Un chercheur au service de l’intérêt général

Lorsqu’on évoque les menaces qui pèsent sur notre alimentation, on pense immédiatement aux pesticides, aux engrais chimiques ou encore au changement climatique. Mais d’autres substances, plus invisibles et persistantes, inquiètent de plus en plus les scientifiques et les institutions publiques : les PFAS (substances per- et polyfluoroalkylées). Ces molécules artificielles, surnommées polluants éternels en raison de leur extrême stabilité chimique, sont aujourd’hui partout : dans l’air, l’eau, les sols, les emballages, les ustensiles de cuisine et jusque dans certains aliments.

À l’INRAE d’Avignon, le physicien Éric Michel consacre ses recherches à comprendre le devenir de ces polluants dans les agrosystèmes. Son expertise a récemment trouvé un nouvel espace d’expression au sein du Conseil Scientifique et Citoyen de l’Agriculture et de l’Alimentation Durable de la Ville de Paris, auquel participe également Bio Consom’acteurs. Dans notre groupe de travail consacré au lien entre alimentation et santé, Éric Michel a su nous éclairer sur les mécanismes de contamination, en montrant combien les PFAS constituent une menace silencieuse pour la qualité de notre alimentation.
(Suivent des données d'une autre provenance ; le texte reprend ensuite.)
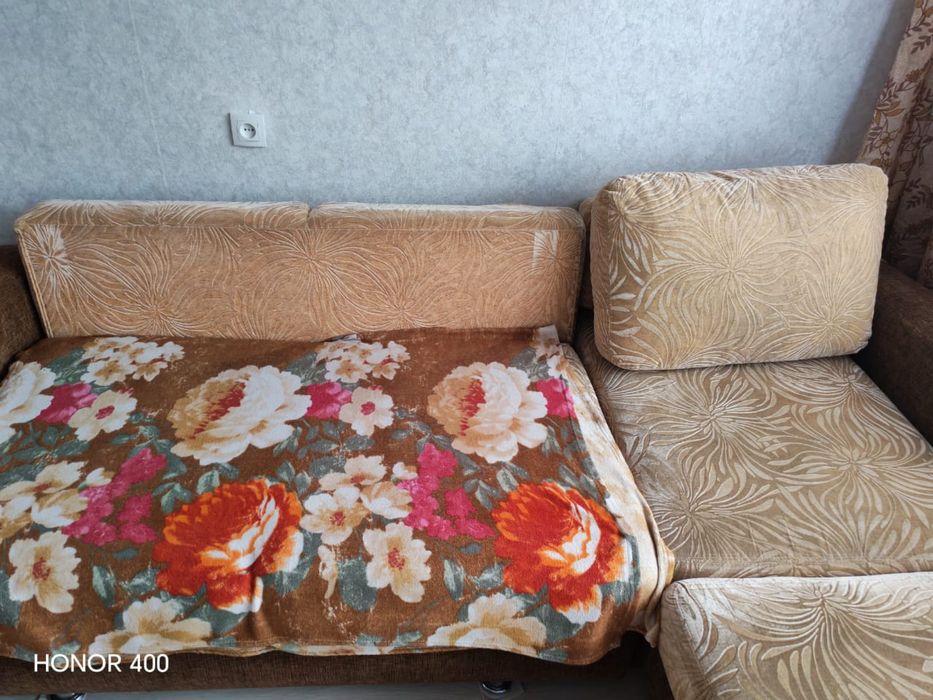 Продам диван и 2 кресла в отличном состоянии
Ces échanges passionnants nous ont donné envie d’aller plus loin. Nous l’avons donc retrouvé le 3 juillet dernier pour un entretien approfondi, afin de mieux comprendre ses recherches et leur portée. C’est ce qui nous conduit aujourd’hui à en faire notre figure d’inspiration de septembre : car les scientifiques sont des alliés précieux de nos combats militants, en apportant nuance, profondeur et faits avérés là où le débat public en a cruellement besoin.

D’un post-doctorat sur le yaourt à l’étude des polluants

Rien ne destinait Éric Michel à devenir spécialiste des PFAS. Physicien de formation, il s’intéresse d’abord pendant sa thèse aux systèmes colloïdaux (ces particules de taille microscopique, présentes par exemple dans le lait). Son post-doctorat aux États-Unis porte ensuite sur la texture des yaourts et les propriétés qui déterminent leur tenue sans recourir à trop d’additifs.
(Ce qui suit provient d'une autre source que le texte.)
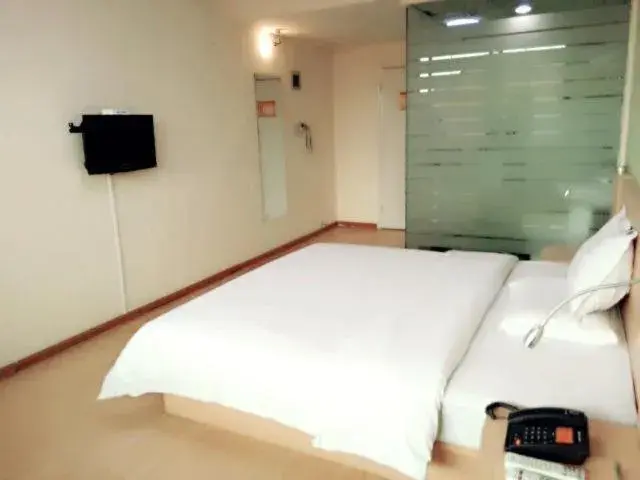 Bedroom, Bed in 7Days Inn Xi'an Northwest University North Gate Bedroom, Bed in 7Days Inn Xi'an Northwest University North Gate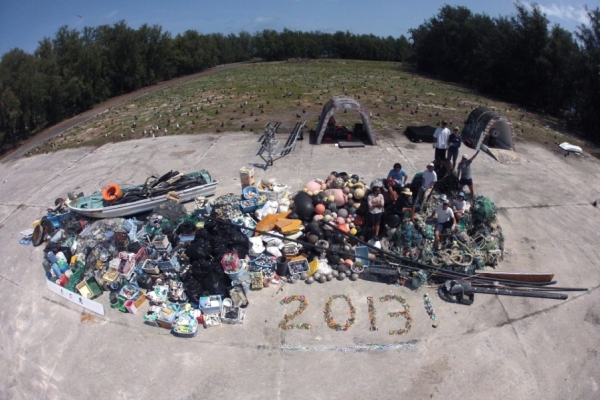 The 2013 NWHI removal team with their haul.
De retour en France, il choisit de réorienter sa carrière en intégrant INRAE (Institut Nationale de Recherche pour l’Agriculture, l’Alimentation et l’Environnement) sur un poste dédié au transfert des polluants dans les sols. Un véritable virage scientifique, mais qui va ouvrir un champ de recherche décisif : comment expliquer que certains polluants, censés rester fixés au sol, se retrouvent dans les nappes phréatiques ou dans les plantes cultivées ?
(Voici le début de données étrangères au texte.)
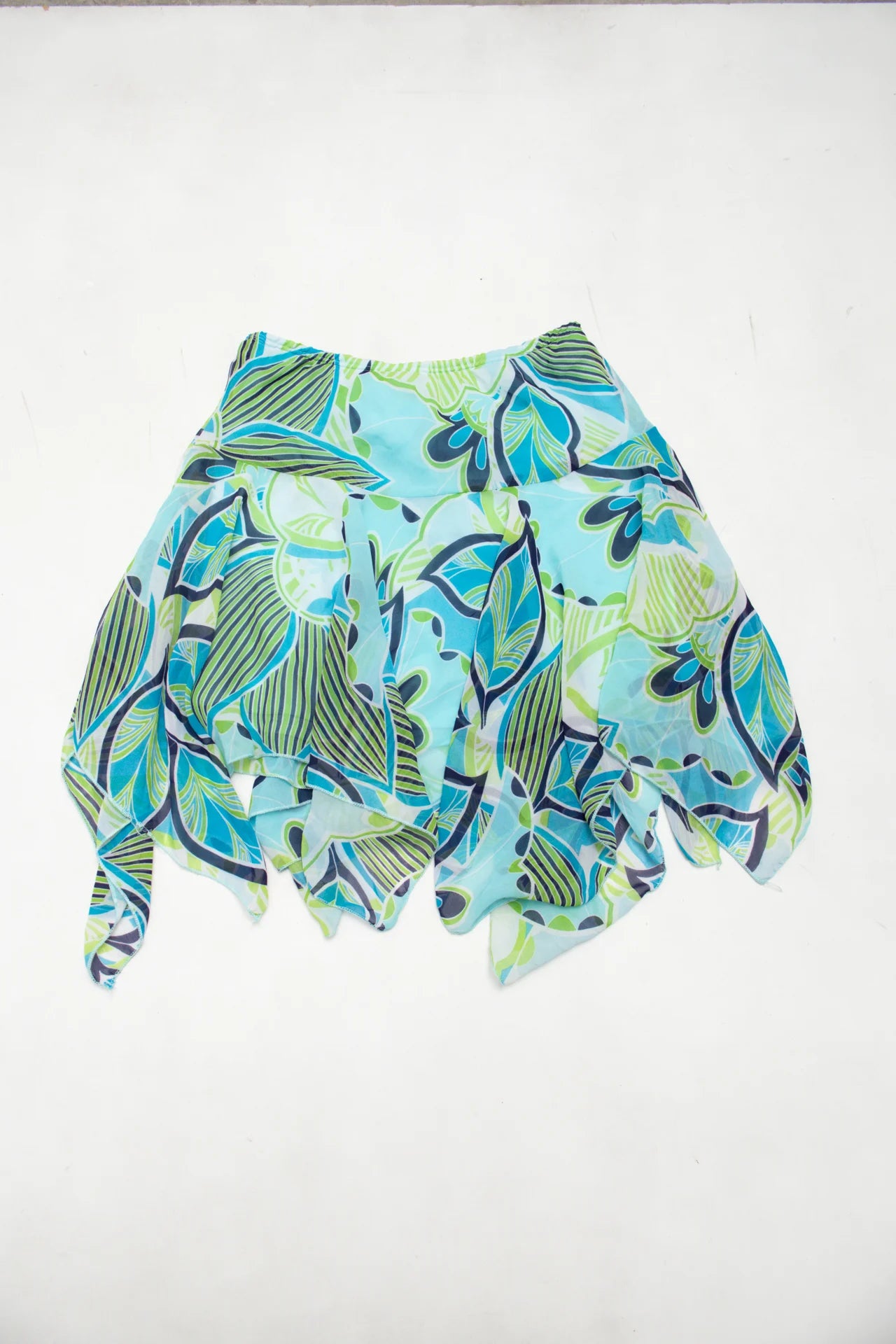 #164 Iz Byer California Printed Handkerchief-hem Skirt Blue | c. 172 | Size 10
Cette question devient alors le fil conducteur de son parcours : décrypter pas à pas le devenir des contaminants dans les sols. Cela implique d’analyser leur fixation sur les constituants minéraux et organiques, leur éventuelle migration vers les eaux souterraines, mais aussi leur capacité à être internalisé par les plantes ou les organismes du sol, comme les vers de terre.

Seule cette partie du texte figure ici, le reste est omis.